DOMRADIO.DE: Das ist das Pallium, was daraus entsteht. War das immer schon so? 

Nersinger: Ja, es ist ein uralter Brauch. Das Pallium ist ursprünglich nicht mal ein christliches Kleidungsstück gewesen, sondern das war ein Würdezeichen, das der römische Kaiser bei ganz besonderen Staatsangelegenheiten über seinem Gewand trug. 

Das ist dann vom Kaiser in der Zeit, vermutlich schon im vierten Jahrhundert, auf den Papst übergegangen. 

DOMRADIO.DE: Wo kommen die Lämmer her? 

Nersinger: Die Lämmer werden im berühmten Kloster Tre Fontane in Rom gehalten. Für lange Zeit haben sie dort ihren Aufenthalt. Dann werden sie am Vorabend des 21. Januar zu einem Schwesternkonvent auf dem Esquilin gebracht, und dort werden sie geschmückt. 

Papst Franziskus segnet am 21. Januar 2017, dem Gedenktag der heiligen Agnes, im Vatikan zwei Agnes-Lämmer, deren Wolle zur Herstellung von Pallien dient. / © Osservatore Romano/Romano Siciliani (KNA)
Papst Franziskus segnet am 21. Januar 2017, dem Gedenktag der heiligen Agnes, im Vatikan zwei Agnes-Lämmer, deren Wolle zur Herstellung von Pallien dient. / © Osservatore Romano/Romano Siciliani ( KNA )

Sie werden in zwei Körbe gelegt und werden dort mit Bändern versehen, mit Schmuckstücken.
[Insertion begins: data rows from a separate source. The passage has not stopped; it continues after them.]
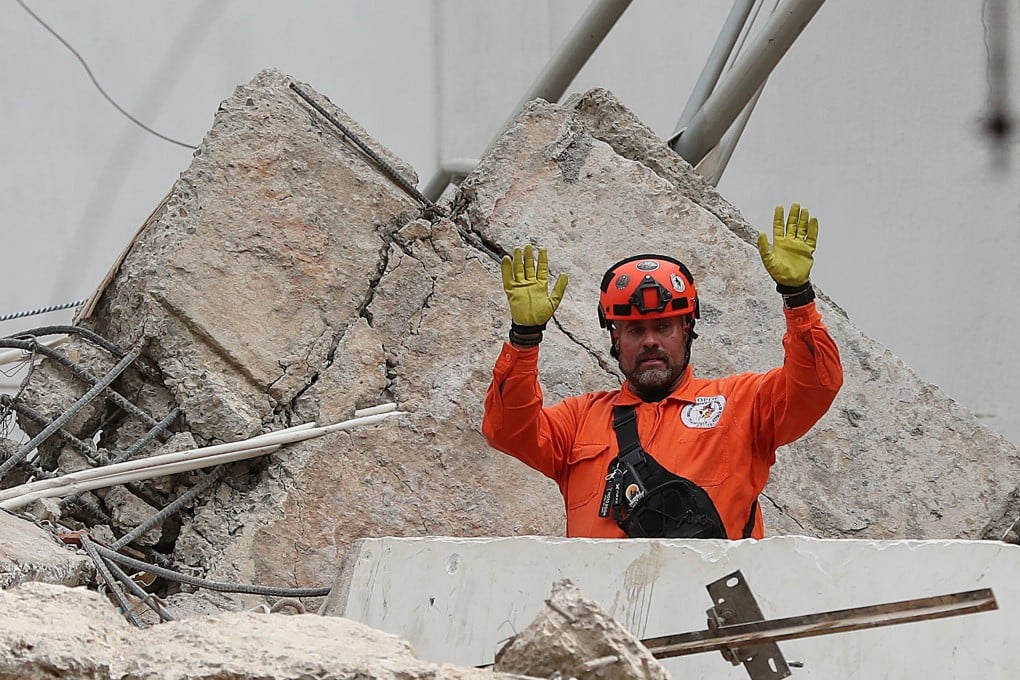 A Mexican rescuer gestures while searching through rubble on Wednesday, two days after an earthquake struck Cali, Colombia. Photo: AP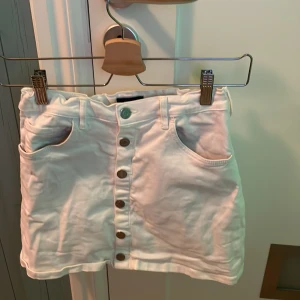 Vit jeanskjol från Gant med knappar - Snygg vit jeanskjol från Gant med knappar hela vägen framtill. Kjolen har klassiska fickor både fram och bak samt bälteshällor. Perfekt för dig som gillar en enkel men stilren look.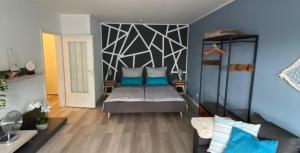 a bedroom with a bed with blue pillows on it at Gemütliche Ferienwohnung im Lotsenviertel in Cuxhaven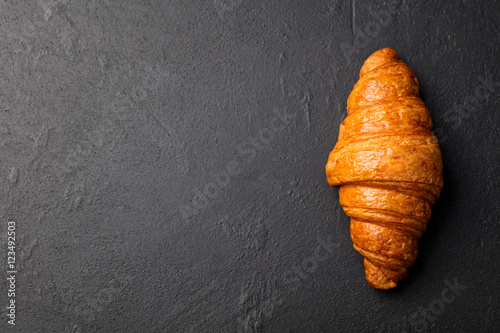 Obraz na płótnie Fresh croissant on a black slate background.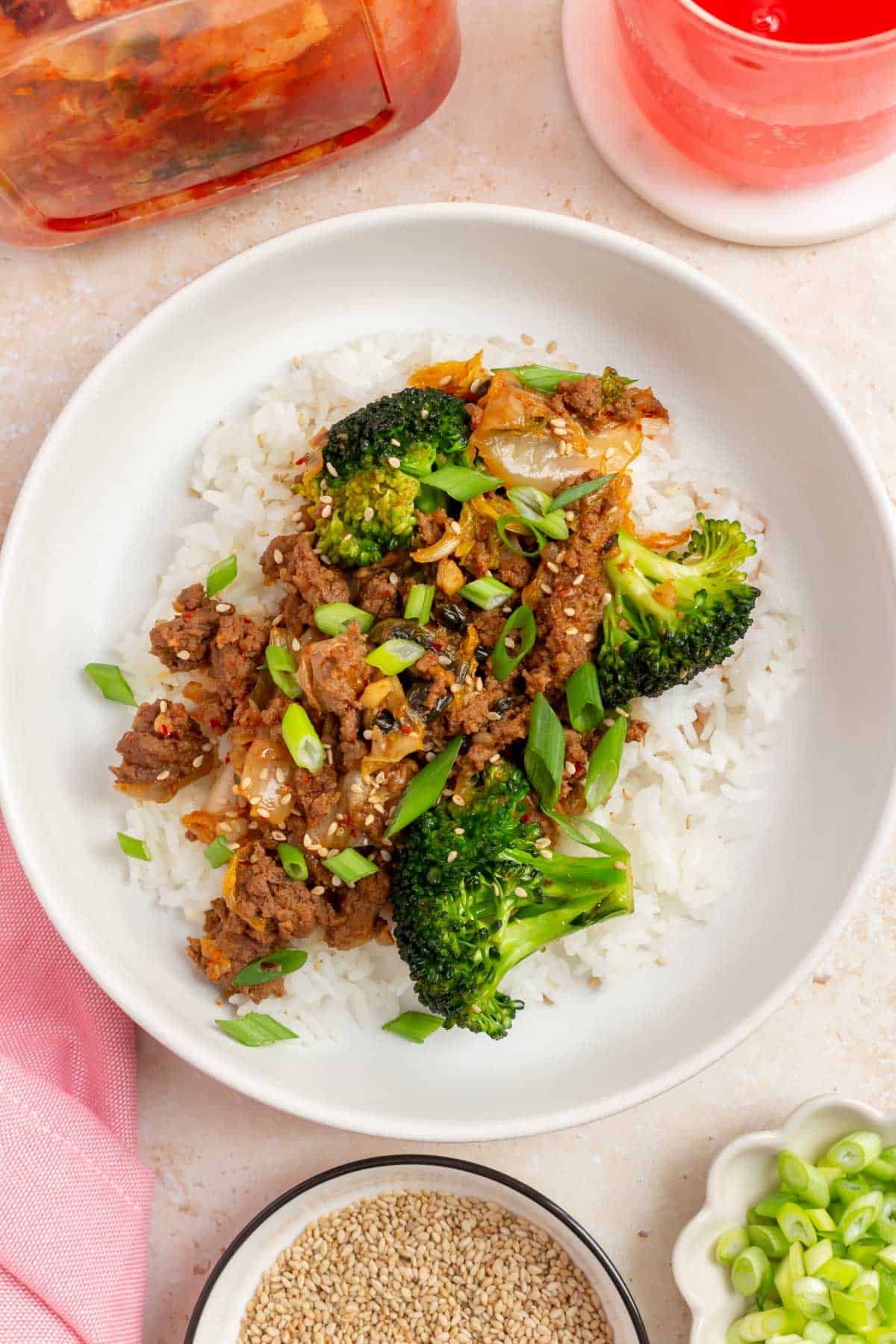 Overhead view of a plate of rice topped with gochujang beef and broccoli and kimchi with green onion garnish.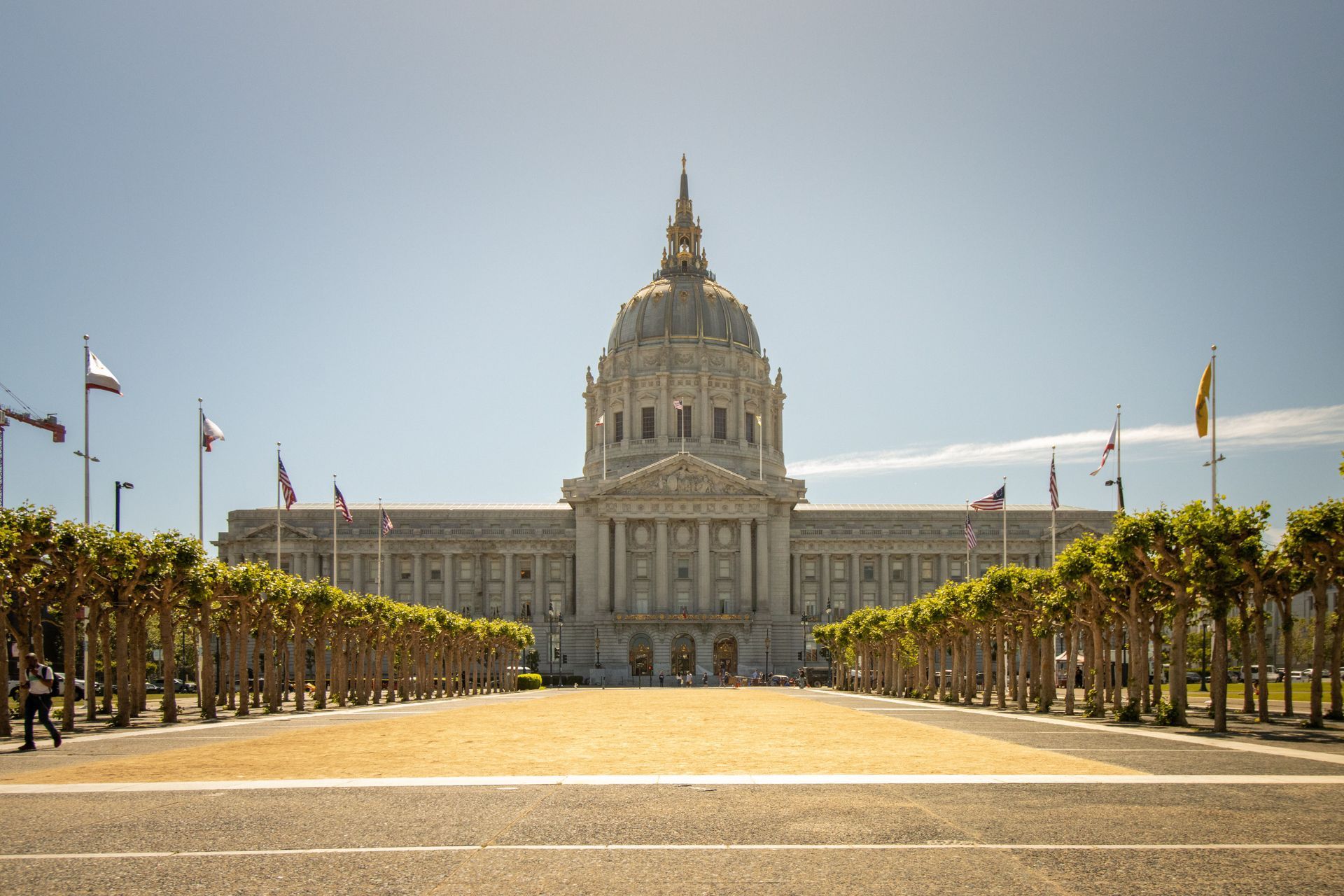 Grand neoclassical civic building with a central dome, seen from a tree-lined plaza on a sunny day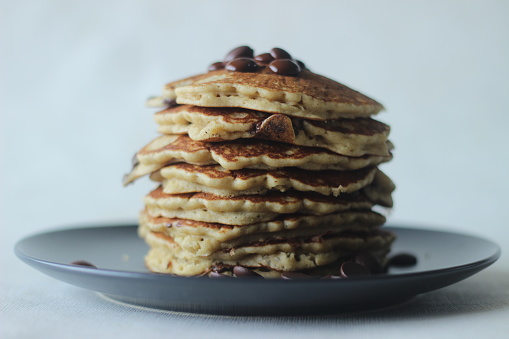 Stack of Oats Choco chips pancakes along with coffee for breakfast. Healthy pancakes made of oats flour loaded with chocolate chips. Shot on white background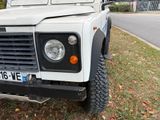 a white land rover parked on the side of the road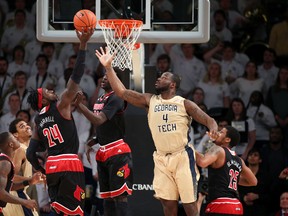Georgia Tech centre Demarco Cox (right) fights for a rebound against Louisville during NCAA action in Atlanta on Feb. 23, 2015. (Jason Getz/USA TODAY Sports)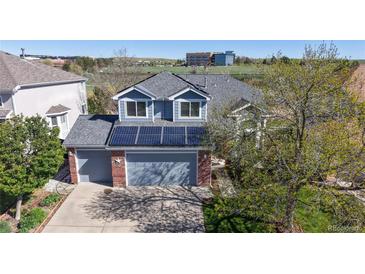 Charming two-story home with a gray roof, brick accents, solar panels, and a two-car garage at 9567 W 107Th Dr, Broomfield, CO 80021
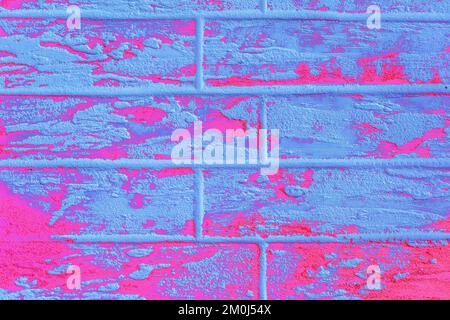 Pink or purple and light blue abstract paint pattern surface brick wall texture background. Stock Photo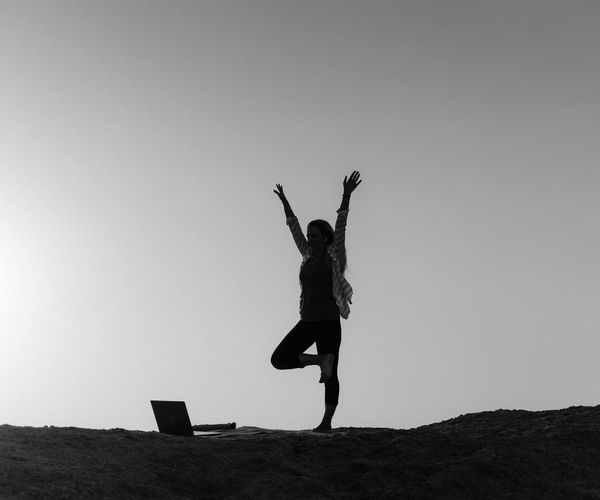 Silhouette of a person in a powerful yoga warrior pose at sunrise.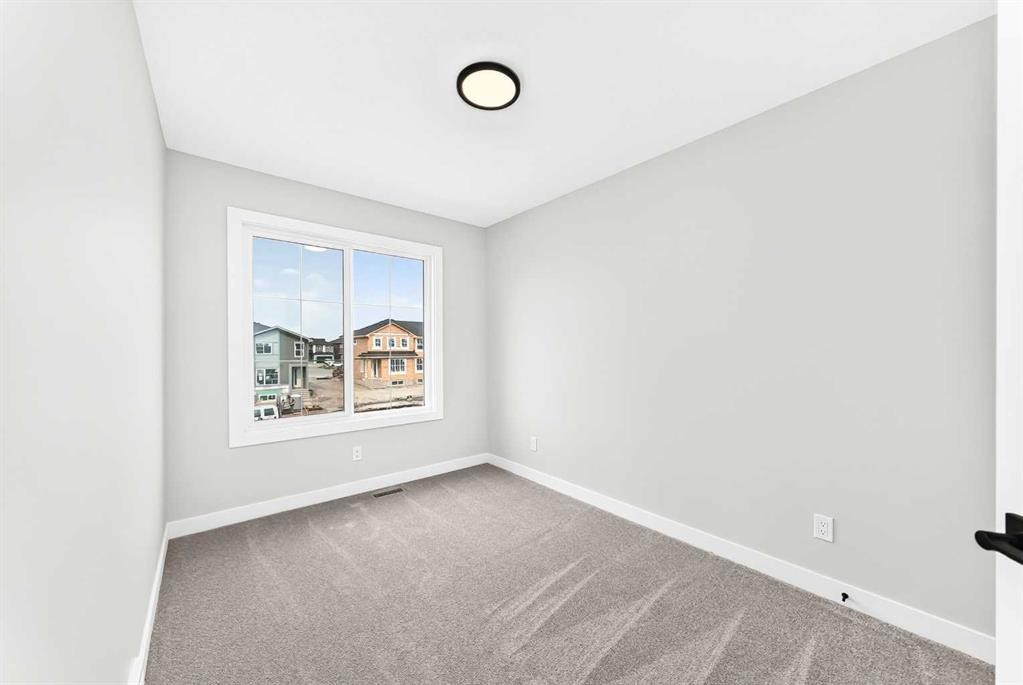 186 Lanark Gate Se, Airdrie, AB - Indoor Photo Showing Other Room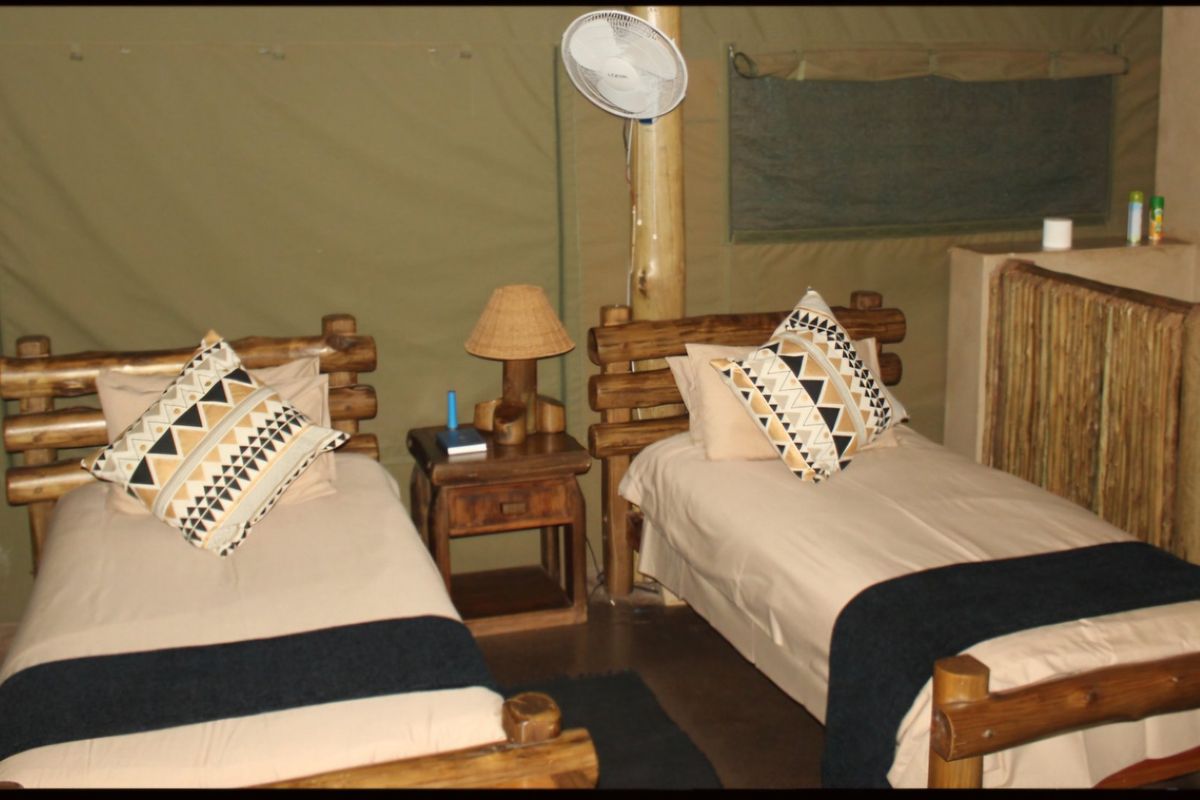 A rustic bedroom featuring canvas walls, twin beds with wooden frames, and a wall-mounted fan within a safari-style tented accommodation.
Einmal rot für das Martyrium der Heiligen Agnes und weiß für ihre Jungfräulichkeit. 

DOMRADIO.DE: Früher war die Ankunft der Lämmer immer ein kleines Volksfest – vor allem für die Kinder. Nehmen die Römer noch Anteil an diesem Brauch?

Nersinger: Die Römer machen das noch. Für die Römer ist es immer noch ein Fest, sowohl wenn die Lämmer am gestrigen Abend in dem Schwesternkonvent ankommen, aber auch danach. In der Basilika gibt es ein feierliches Pontifikalamt. 

Das ist immer ein Ereignis, weil es natürlich auch mit volkstümlichen, sehr schönen Elementen verbunden ist. Die Lämmer sind nicht immer so ganz friedlich und ruhig. Man hört sie mal blöken und das hat alles einen richtigen Volkscharakter bekommen. 

Schafe und Lämmer auf einem Deich in Ostfriesland / © Sina Schuldt (dpa)
Schafe und Lämmer auf einem Deich in Ostfriesland / © Sina Schuldt ( dpa )

DOMRADIO.DE: Papst Johannes Paul II. und auch Papst Benedikt XVI. hielten große Stücke auf das Pallium und auch den Brauch fanden sie gut. Wie sieht das bei Papst Franziskus aus? 

Nersinger: Eigentlich auch, nur früher war es so, dass die Lämmer nach der Weihe in den Vatikan gebracht, dem Papst präsentiert und dann noch mal vom Papst gesegnet wurden. Das ist in den letzten Jahren nicht geschehen. Warum das so ist, wissen wir alle nicht so genau. An sich ist der Papst aber schon mit diesem Fest und mit dieser Feier verbunden. 

DOMRADIO.DE: Die Lämmer werden geweiht, sie werden geschoren. Und was passiert dann danach? 

Nersinger: Das ist eine große Frage. Ich befürchte, dass sie nicht mehr friedlich auf den Weiden landen, sondern irgendwo anders.

DOMRADIO.DE: Wo denn? Auf unseren Tellern etwa? 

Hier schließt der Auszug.